THE diplomatic row between President Robert Mugabe and United Nations (UN) secretary-general Kofi Annan over a doubtful meeting to resolve the Zimba
bwe crisis escalated this week with the world body recalling its envoy in Harare for consultations.
The quarrel over the Annan visit has left the government in disarray as officials issue contradictory statements.
Mugabe’s spokesman George Charamba last week said Annan’s invitation had expired and was now “stale” although he seemed to be backtracking in remarks in the press yesterday.
Charamba’s boss, Information minister Tichaona Jokonya, said yesterday on the Voice of America that Annan was still welcome to come. His position is similar to that of deputy Foreign minister Obert Matshalaga who said in parliament on Wednesday that Annan’s invitation still stands.
Jokonya and Matshalaga’s remarks were consistent with those of deputy Information minister Bright Matonga last week, showing that Charamba reflected Mugabe’s isolationist thinking.
Sources said the popular view in government was for engagement, not digging in heels and burying heads in the sand.
Annan — who indicated this week he was still coming to Harare despite attempts to block him — called United Nations Development Programme (UNDP) country resident representative Agostinho Zacarias to the UN headquarters in New York for talks over the Zimbabwe situation.
The UNDP, a UN development agency, has five areas covering its mandate in Zimbabwe, namely democratic governance, poverty alleviation, crisis prevention, energy and environment, and HIV/Aids.
Diplomatic sources said Zacarias left on Monday for discussions on how to move forward in view of rising tensions over the Mugabe/Annan meeting.
The move came as Tanzania, whose former president Benjamin Mkapa is trying to arrange a meeting between Mugabe and British Prime Minister Tony Blair, also summoned its ambassador to Harare, Retired Brigadier-General Hashim Mbita, for consultations as well.
Jokonya confirmed Mkapa was mediating between Harare and London, as first revealed by the Zimbabwe Independent last week. Mugabe has said he wants to “build bridges” with Blair. It is understood that Mugabe believes a meeting with Blair might open the way for Zimbabwe to climb out of international isolation and start economic reconstruction.
Sources said the church leaders who recently met with Mugabe were also helping Harare to “build bridges” with the European Union. The church leaders met EU and Tanzanian officials on Tuesday to discuss ways of resolving the local crisis. The clergymen also had a meeting yesterday at a local hotel over the same issue. Regional church leaders are part of the process.
Mbita, who left the country on Sunday, is expected to be replaced by a new ambassador as Dar-es-Salaam seeks to push for a resolution of the current situation.
Sources said Tanzanian President Jakaya Kikwete was getting impatient with the Zimbabwe situation which has been on the regional agenda for six years.

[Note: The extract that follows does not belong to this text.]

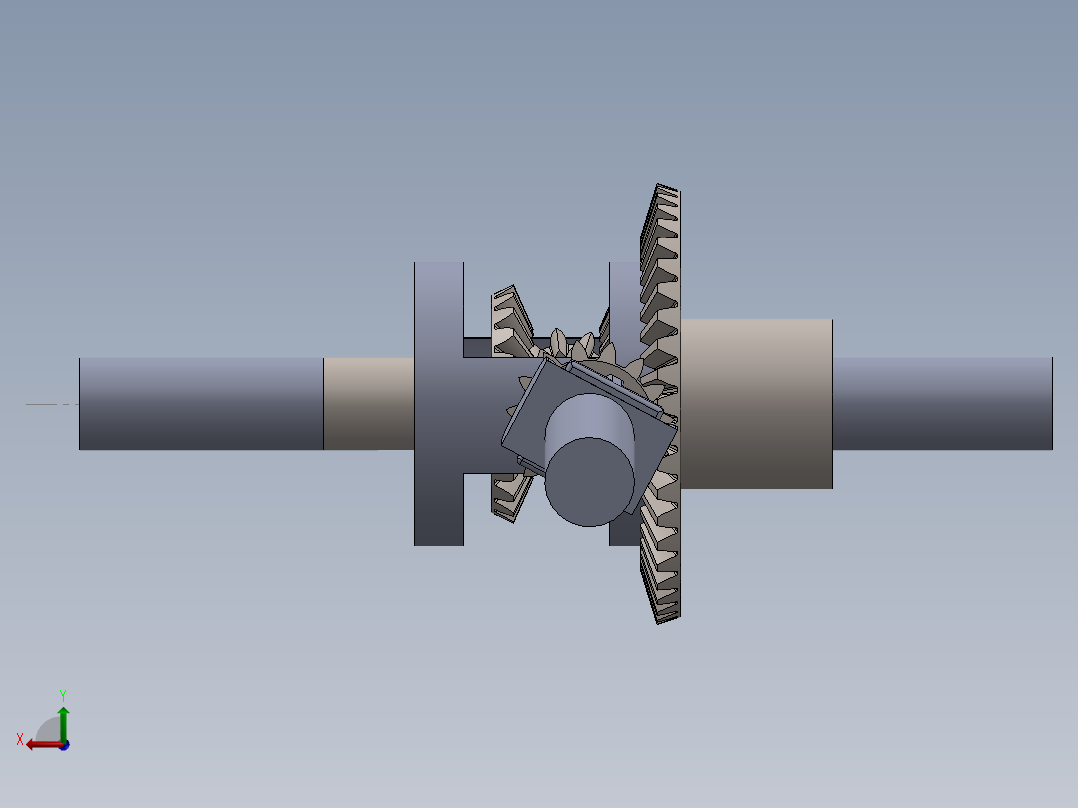 汽车差速器后视图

Sources said Mugabe, who initially invited Annan last September to assess the impact of Operation Murambatsvina, now wants Annan to persuade the United States and EU to drop targeted sanctions against him and his ministers as one of the conditions for talks.
The sources said Mugabe has tasked Jokonya, who together with Mbita got the Mkapa mediation underway, to engage UN political affairs under-secretary Ibrahim Gambari on the sanctions issue before there can be any dialogue with Annan.
Jokonya told VOA he had been in touch with Gambari and suggested the removal of sanctions was key to a Mugabe/Annan summit.
Gambari met with Foreign minister Simbarashe Mumbengegwi in South Africa in April in a bid to arrange an Annan visit. Gambari also met with South African President Thabo Mbeki who said Annan was now the main hope for the resolution of the Zimbabwean crisis.
Mbeki, who has been trying for the past six years to find a breakthrough on Zimbabwe, had talks with Blair last week over the crisis after similar discussions with Blair and Annan in South Africa recently. South African officials have of late been speaking openly about the Zimbabwe crisis, showing growing displeasure.
Mbeki’s deputy, Phumzile Mlambo-Ngcuka, said this week South Africa could do little to protect itself from the consequences of an economic collapse in Zimbabwe, suggesting the issue had to be resolved urgently. “I don’t even know if we can shield ourselves in that way because we cannot really close our border for instance,” she said.
“What South Africa can do is to give Zimbabwe the best support possible to be able to reconstruct if something like that were to happen. But I don’t think we can really shield ourselves. We cannot keep Zimbabweans out of South Africa.”
South African Foreign minister, Nkosazana Dlamini-Zuma, said no one could force Zimbabwe to change its policies.
“There is a problem, there is a challenge, but I do not have all the answers about how to solve Zimbabwe. I think equally none of us has all the answers. The answers lie in the Zimbabweans’ hands,” she said.